Work task: Word for word, copy the line containing "Flags of Great" and every line after it in the records below, leaving pictures out.

==== Extracted data

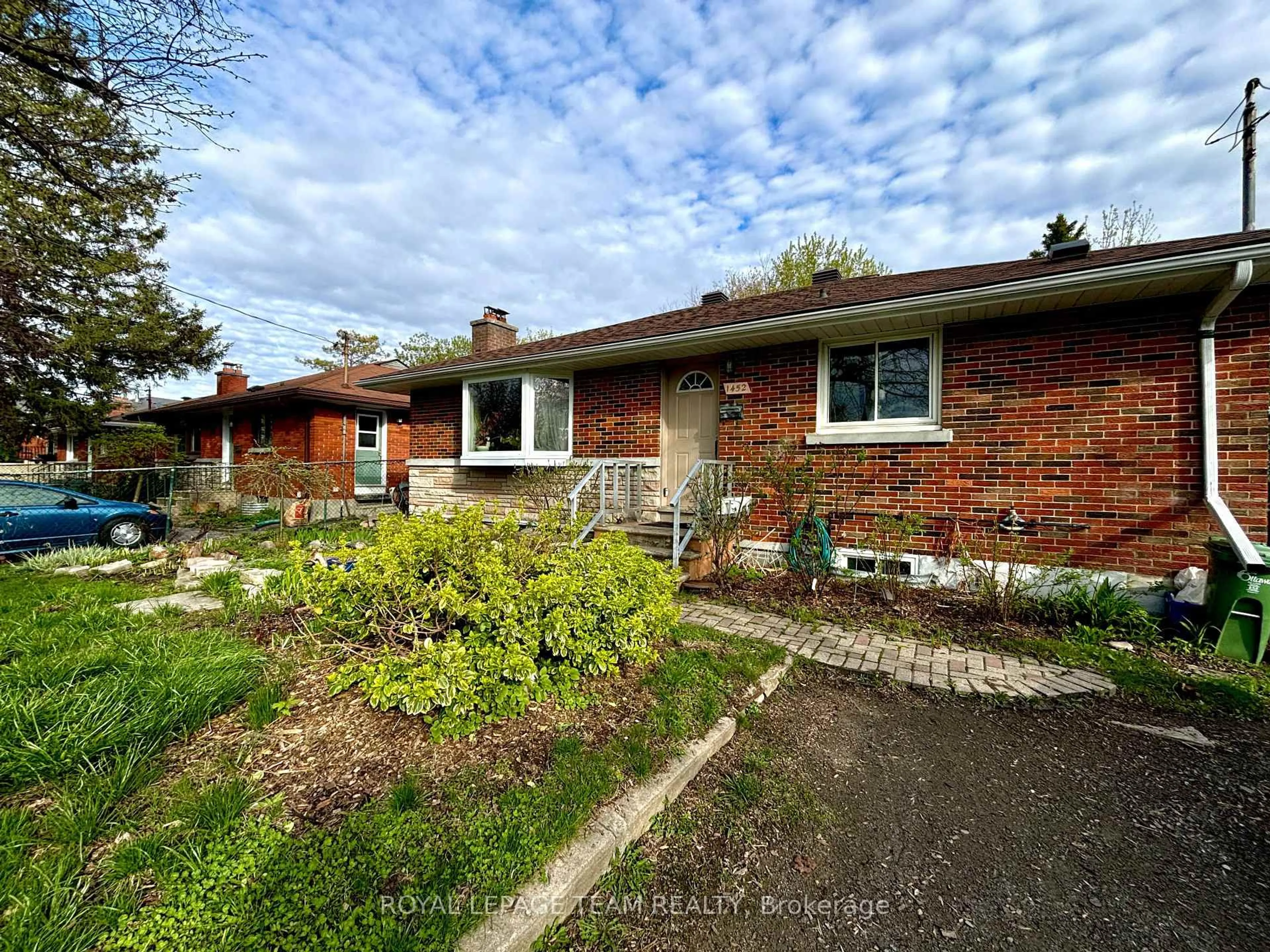 Home with brick exterior material, street for 1452 Chatelain Ave, Ottawa Ontario K1Z 8B1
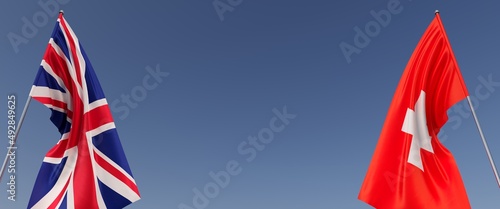 Flags of Great Britain and Switzerland on flagpoles on sides. Flags on a blue background. Place for text. England, London. The United Kingdom. Geneva, Zurich. Commonwealth. 3D illustration.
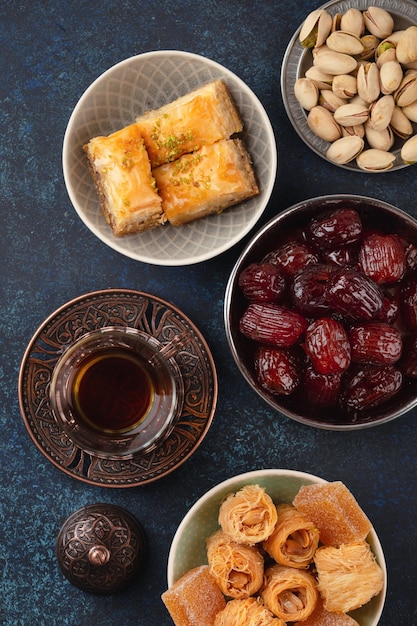 L'heure du thé chaud frais arabe traditionnel avec des bonbons, du baklava, des dattes, du lokum d'en haut. Snack du Ramadan avec délices turcs et pâtisserie arabe sur fond bleu rustique vue de dessus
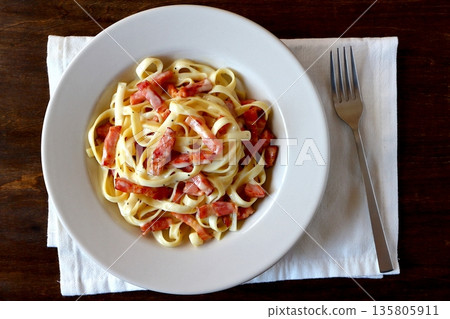 Tagliatelle carbonara on a table background viewed from above Tagliatelle carbonara on a table background viewed from above 135805911
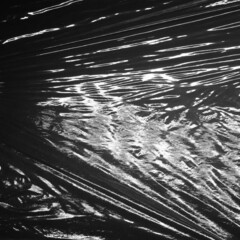 Reflecting light and shadow on creases and pleats in stretched black plastic sheeting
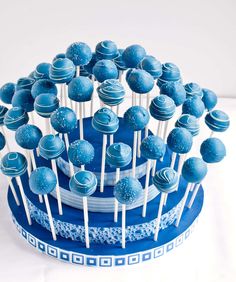 blue cake pops arranged in a bowl on top of each other with toothpicks sticking out of them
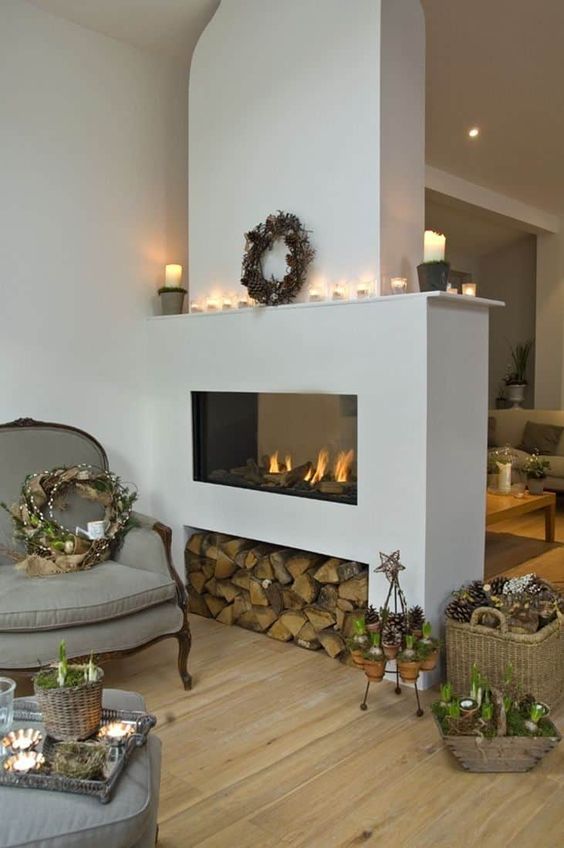 a sleek white fireplace with firewood storage, candles on the mantel and a wreath with pinecones for winter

========

Solution below:
 Flags of Great Britain and Switzerland on flagpoles on sides. Flags on a blue background. Place for text. England, London. The United Kingdom. Geneva, Zurich. Commonwealth. 3D illustration.
 L'heure du thé chaud frais arabe traditionnel avec des bonbons, du baklava, des dattes, du lokum d'en haut. Snack du Ramadan avec délices turcs et pâtisserie arabe sur fond bleu rustique vue de dessus
 Tagliatelle carbonara on a table background viewed from above Tagliatelle carbonara on a table background viewed from above 135805911
 Reflecting light and shadow on creases and pleats in stretched black plastic sheeting
 blue cake pops arranged in a bowl on top of each other with toothpicks sticking out of them
 a sleek white fireplace with firewood storage, candles on the mantel and a wreath with pinecones for winter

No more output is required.